È un’esperienza comune quella di affidarci all’on-line per un numero sempre maggiore di operazioni. Lasciamo che siano gli algoritmi della rete a gestire molte nostre incombenze quotidiane. Grazie a sistemi di machine-learning o intelligenze artificiali che elaborano una quantità potenzialmente infinita di dati (da noi stessi immessi nella rete), riceviamo consigli per ogni tipo di scelta. E se tutto questo è di grande aiuto, è altrettanto vero che riscontriamo notevoli effetti collaterali. Da quelli spiccioli e quotidiani di chi ha difficoltà con i figli sempre attaccati al callulare, a quelli epocali. Perché se, come sosteneva Heidegger, essere e tempo sono intimamente connessi, allora il tempo speso di fronte ad un video, la fruizione di informazioni e la continua interazione con sistemi di machine-learning, possono influire pesantemente anche sul nostro modo d’essere, sulle nostre relazioni e sulle nostre visioni del mondo.

Pensiamo solo all’autonomia decisionale, di cui andiamo fieri. Di fatto, grazie all’on-line, consumiamo sempre di più, ma scegliendo sempre di meno! Un algoritmo sceglie per noi. Al bisogno, un qualsiasi motore di ricerca ci mostrerà un’ampia gamma di prodotti sulla base di una logica interna di cui non possediamo il segreto e in quel recinto di prodotti faremo i nostri acquisti. L’on-line determina l’orizzonte delle nostre scelte e dei nostri pensieri generando un’autoreferenzialità che riduce ancor di più il nostro mondo perché l’algoritmo tenderà a compiacerci e a lasciarci nel medesimo piccolo stagno. Se poi vorrà farci uscire, proverà a determinare perfino la direzione di quella apparente fuga… per farci probabilmente cadere in un’altra pozzanghera, o in un pozzo nero.

Fino a che si tratta dell’acquisto di un paio di scarpe poco importa, ma se si tratta di farsi un’opinione, di fare una scelta politica o di riflettere attorno ad una questione per la quale è necessario informarsi, si rischia di delegare all’infosfera l’autorità di comandarci. L’io non è più padrone, non è mai stato padrone, in casa propria, diceva Freud… immersi come siamo in questi sistemi che, raccogliendo informazioni e suggerendo consigli, hanno un potere sempre più invadente di stabilire per noi bisogni, strategie e priorità.

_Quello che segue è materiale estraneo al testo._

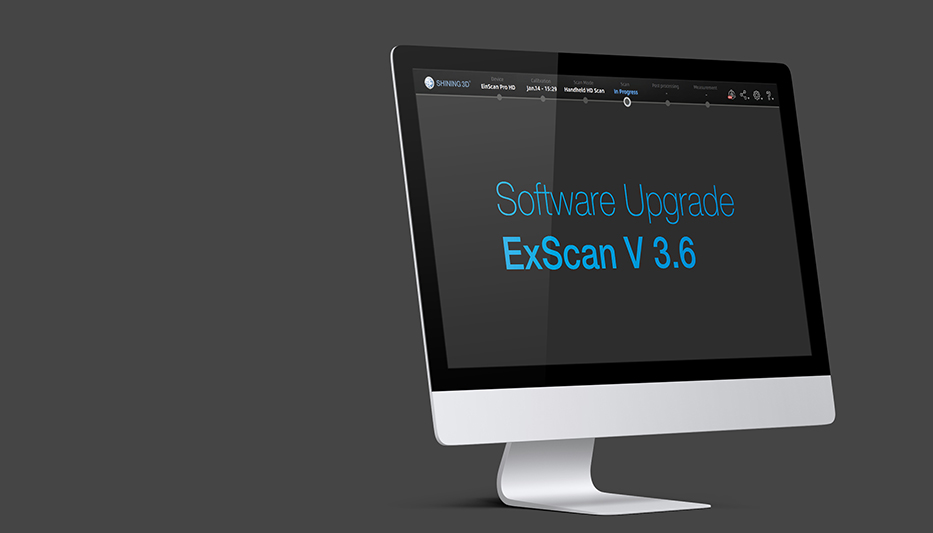 ExScan V3.6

Motivo per cui i big-data hanno un costo, generano un business, e fanno gola al capitalismo della sorveglianza bramoso di orientare le nostre scelte. Abbiamo a che fare con strutture anonime, robuste, invadenti, che riducono la libertà e l’identità del soggetto, facilmente determinate dal flusso continuo di informazioni, senza alcun rapporto con la storia. Anzi, pre-determinandola.

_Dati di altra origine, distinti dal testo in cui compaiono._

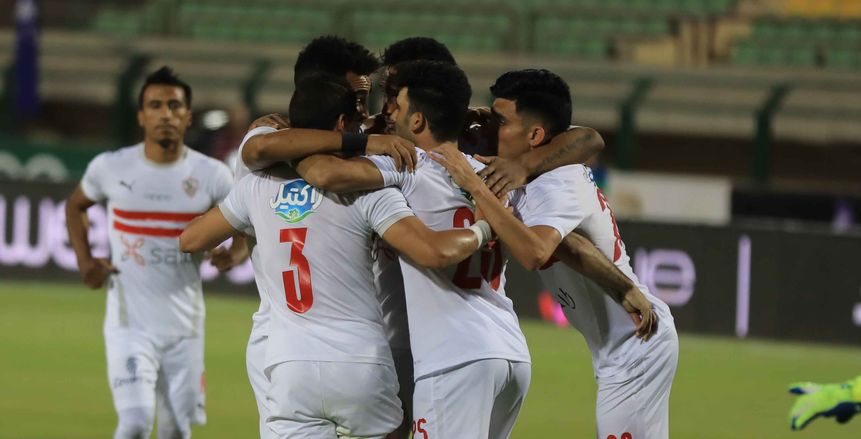 3 تغييرات في تشكيل الزمالك أمام المحلة بالدوري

In questo caso è la quantità a determinare la qualità delle informazioni. Anche le fake news, se continuamente rilanciare dai social, possono diventare vere solo per il fatto di aver raggiunto milioni di utenti. Il digitale ha in genere un grande alleato, la pigrizia degli uomini. «Se a uno che è pigro e flessibile gli metti accanto un aiuto, un “amico” che non si stanca mai, chi prevarrà? – si chiede L. Floridi. L’amico che non si stanca mai!

Ecco dunque Replika, «your personal companion», come si dice di “lei” on-line. Paziente e gentile più ogni altro amico! Ma in realtà si tratta di un sistema di machine-learning, di un’intelligenza artificiale, con cui si può messaggiare e parlare «for your mental wellness». «If you’re feeling down, or anxious, or you just need someone to talk to, your Replika is here for you 24/7. It becomes more than a friend».

Tutto questo da origine a una nuova metafisica, una nuova ontologia, digitale appunto! Che è ormai in grado di plasmare il nostro modo d’essere, di vivere e di pensare. E per la quale è reale solo ciò che è digitale…

Rispondere a questa sfida è certamente un compito della teologia in particolare della teologia trinitaria e dell’ontologia di vita e di comunione che promuove. Ma di questo parleremo in futuro.